4. Afin de contester la tardiveté qui lui a été opposée par l'administration fiscale, M. B se prévaut de l'arrêt de la cour d'appel de Nancy, rendu le 15 décembre 2020, qui prononce sa relaxe des délits de blanchiment aggravé, de blanchiment douanier et d'association de malfaiteurs ayant pour fondement la réalisation d'infractions à la législation sur les stupéfiants. Toutefois, cet arrêt, qui a été censuré par la chambre criminelle de la Cour de cassation le 8 décembre 2021, ne peut être regardé comme constituant un événement qui motive les réclamations présentées par l'intéressé au sens des dispositions précitées du c) de l'article R. 196-1 du livre des procédures fiscales, dans la mesure où, d'une part, il est postérieur à la réclamation présentée le 12 novembre 2018, et, d'autre part, il n'était pas définitif à la date de la seconde réclamation présentée le 22 février 2021. Dans ces conditions, l'administration est fondée à soutenir que les réclamations présentées par M. B sont tardives et que les requêtes n°2105887 et n° 2107133 sont irrecevables par voie de conséquence.

5. Il résulte de ce qui précède que les requêtes de M. B doivent être rejetées.

D E C I D E :

Article 1er :Les requêtes de M. B sont rejetées.

Article 2 :Le présent jugement sera notifié à M. A B et au directeur départemental des finances publiques de l'Isère.

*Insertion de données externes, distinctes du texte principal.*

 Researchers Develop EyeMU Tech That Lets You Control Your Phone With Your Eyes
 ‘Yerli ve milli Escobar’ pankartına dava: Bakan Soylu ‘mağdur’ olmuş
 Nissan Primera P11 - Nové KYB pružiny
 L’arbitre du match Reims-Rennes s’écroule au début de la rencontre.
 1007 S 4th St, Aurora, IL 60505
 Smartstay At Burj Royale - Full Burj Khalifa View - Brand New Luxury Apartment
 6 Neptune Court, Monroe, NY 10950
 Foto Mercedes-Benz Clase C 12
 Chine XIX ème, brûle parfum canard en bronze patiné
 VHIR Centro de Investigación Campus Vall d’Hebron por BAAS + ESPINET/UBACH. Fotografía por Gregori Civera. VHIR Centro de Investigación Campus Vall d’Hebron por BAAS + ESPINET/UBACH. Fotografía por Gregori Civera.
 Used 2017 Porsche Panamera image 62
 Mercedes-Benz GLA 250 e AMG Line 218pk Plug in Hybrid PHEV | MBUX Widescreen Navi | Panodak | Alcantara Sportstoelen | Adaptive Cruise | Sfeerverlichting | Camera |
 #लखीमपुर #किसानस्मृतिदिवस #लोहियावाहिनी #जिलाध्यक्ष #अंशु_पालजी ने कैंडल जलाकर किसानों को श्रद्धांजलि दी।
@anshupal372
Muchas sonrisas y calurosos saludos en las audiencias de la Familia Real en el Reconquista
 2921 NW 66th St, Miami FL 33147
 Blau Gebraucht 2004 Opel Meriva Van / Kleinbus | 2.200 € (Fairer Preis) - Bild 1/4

Délibéré après l'audience du 23 novembre 2023, à laquelle siégeaient :

M. Pfauwadel, président,

Mme C et Mme Coutarel, assesseurs.

Rendu public par mise à disposition au greffe le 7 décembre 2023.

La rapporteure,

A. Coutarel

Le président,

T. Pfauwadel

Le greffier,

P. Muller

La République mande et ordonne au ministre de l'économie, des finances et de la souveraineté industrielle et numérique en ce qui le concerne ou à tous commissaires de justice à ce requis en ce qui concerne les voies de droit commun contre les parties privées, de pourvoir à l'exécution de la présente décision.